Por mais que tente praticar o que podemos apelidar de “Estratégia do Avestruz”, escondendo sua cabeça debaixo da terra para não enxergar o que se passa a seu redor, o cidadão comum deste globo planetário ensandecido está cada vez mais imerso na realidade do colapso acelerado dos ecosistemas que sustentam a Vida.
O cidadão leigo, o João da quitanda ou a Maria da lotérica, podem até não nutrir um conhecimento sóbrio, lúcido e cientificamente embasado sobre estas “tretas” do clima, mas seus cotidianos estão cada vez mais transtornados pela problemática do colapso. Seja a escassez de água ou alimentos, seja o aumento dos preços dos derivados dos combustíveis fósseis, seja as novas zoonoses pandêmicas que nos assolam, os problemas sócio-ambientais não mais são algo que o avestruz-humano consegue pôr a confortável distância com a mesma facilidade de outrora.
Ao nosso redor proliferam inúmeros sinais e sintomas de que a Natureza oprimida clama por menos exploração predatória, menos extrativismo imediatista, menos poluição em todas suas formas, menos vômitos tóxicos de gases de efeitos estufa sendo gerados pelos humanos. E, no entanto, o debate público ainda é escasso e perigosamente procrastinado no que diz respeito ao tabu dos tabus: quanto desta mega desgraça é ocasionada por nossa obsessão em consumir animais mortos?
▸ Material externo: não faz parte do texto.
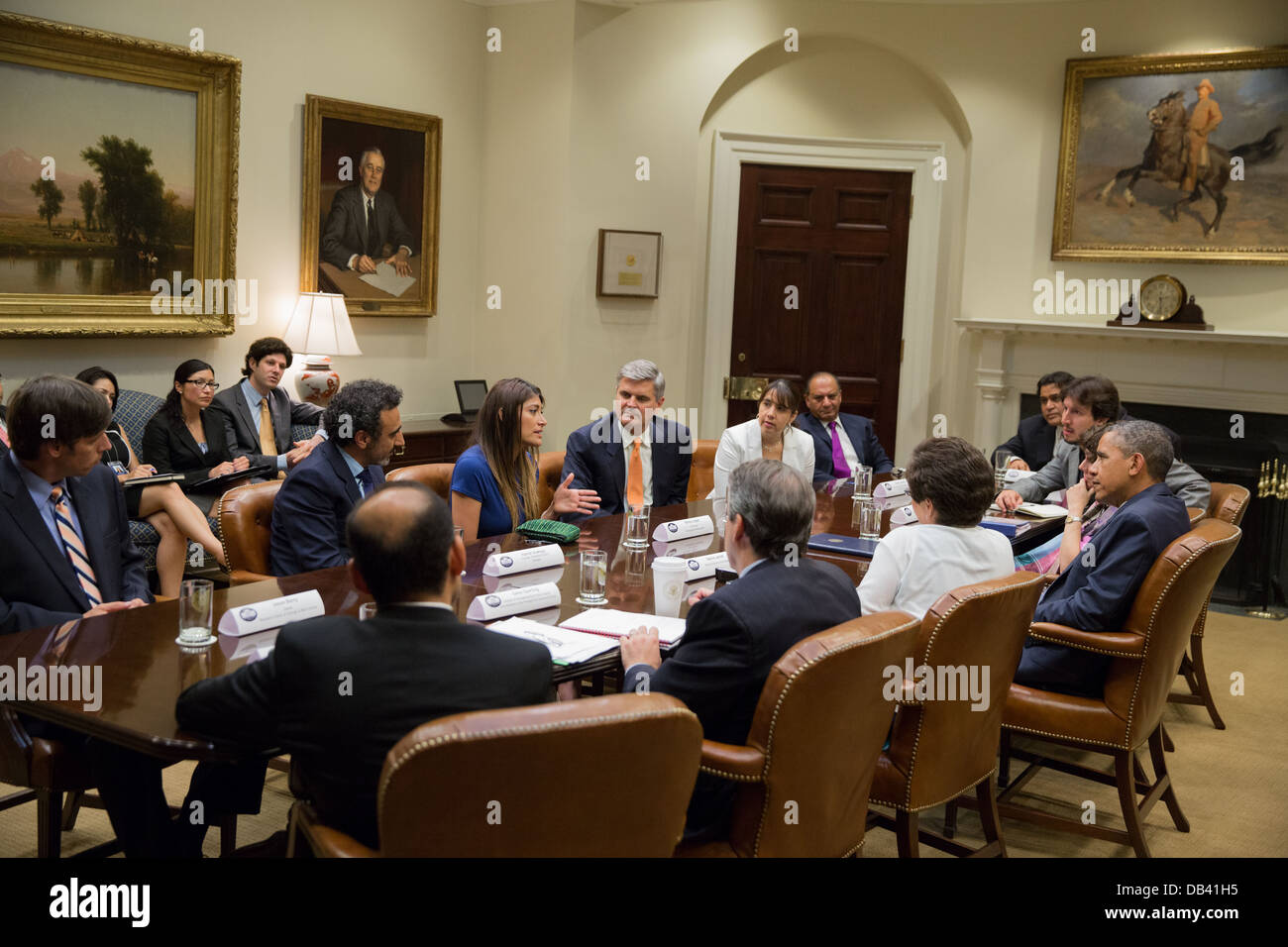 President Barack Obama holds an immigration reform roundtable with business owners and entrepreneurs in the Roosevelt Room of the White House, June 24, 2013. Stock Photo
Quanto está sendo escondido de nossos olhos, inclusive através dos estratagemas da cegueira voluntária, acerca da pecuária em escala industrial que está muitas vezes longe de nossas consciências quando estamos curtindo um churrasco ou um rodízio de carnes? Qual o tamanho do descalabro quando temos milhões de crianças passando fome em países em que a comida que poderia alimentá-las é dada aos animais de abate?
Quem finge não ver a enormidade da crise e adere ao conforto cômodo de que é só uma crisinha, quem pensa positivo e crê em Deus que em sua onipotência há de fazer tudo ficar bem, quem confia nos bilionários que vão encontrar um tecno-fix comprável para nos salvar dessa enrascada, ainda assim confessa, por este próprio apego a manobras diversionistas, que o problema está lá. Tão premente que é preciso mobilizar trabalho psíquico e estruturas de argumento (por mais falaciosas que sejam) em prol desta mega conspiração de silêncio: “está tudo normal, nada está acontecendo.”
Nos últimos anos, sobretudo entre 2019 e 2022, tivemos 6 milhões de cadáveres humanos gerados pela pandemia de covid19 na Terra – apenas nos Estados Unidos e no Brasil, países que juntos possuem pouco mais de 550 milhões de habitantes, os óbitos atingem quase 2 milhões de seres humanos (que tiveram seus destinos encerrados precocemente também pela necropolítica obscurantista de Trumps e Bolsonaros).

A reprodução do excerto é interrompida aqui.